Alle instanties die betrokken waren bij de gestrande samenwerking tussen Entrea en St. Nicolaas hebben hun best gedaan om het project een serieuze kans van slagen te geven. Dat is de vaste overtuiging van verantwoordelijk CDA-gedeputeerde J. J. W. Esmeijer van de provincie Gelderland. „Ze zullen vol enthousiasme zijn geweest zolang ze op een abstract niveau over het voornemen spraken. Vaak zie je dan dat plannen later alsnog stuklopen op de weerbarstigheid van de praktijk.”

De veronderstelling dat er op de wachtlijsten van de Gelderse jeugdzorginstellingen waarschijnlijk veel meer dan drie kinderen staan die prima in een internaat zouden passen, is Esmeijer te boud. „Het maken van een afweging is bovendien iets wat tot de professionele verantwoordelijkheid van deze instellingen hoort. Voor nijpende situaties van kinderen van wie de plaatsing niet via de reguliere budgetten viel te financieren, was dit jaar 1,4 miljoen euro flexbudget beschikbaar. Volgend jaar is dat opnieuw 1 miljoen.”

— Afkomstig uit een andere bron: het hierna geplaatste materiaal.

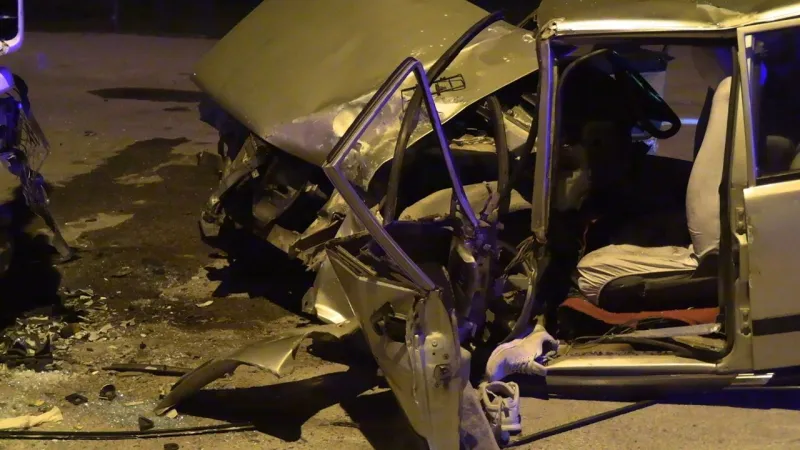 Kütahya'da Feci Kaza! Tıra Çarpan Otomobil Enkaz Haline Döndü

En, zegt Esmeijer, voor het eind van het jaar krijgt hij van alle jeugdzorginstellingen de dossiers van de kinderen op de wachtlijst. „Zie ik dan kinderen van wie ik denk: Die hadden naar een internaat gekund, dan zal ik de instellingen daarop aanspreken. Mochten er verder redenen zijn om jeugdzorginstellingen enig verwijt te maken, dan zal ik niet nalaten dat te doen.”

RD.nl in uw mailbox?

Ontvang onze wekelijkse nieuwsbrief om op de hoogte te blijven.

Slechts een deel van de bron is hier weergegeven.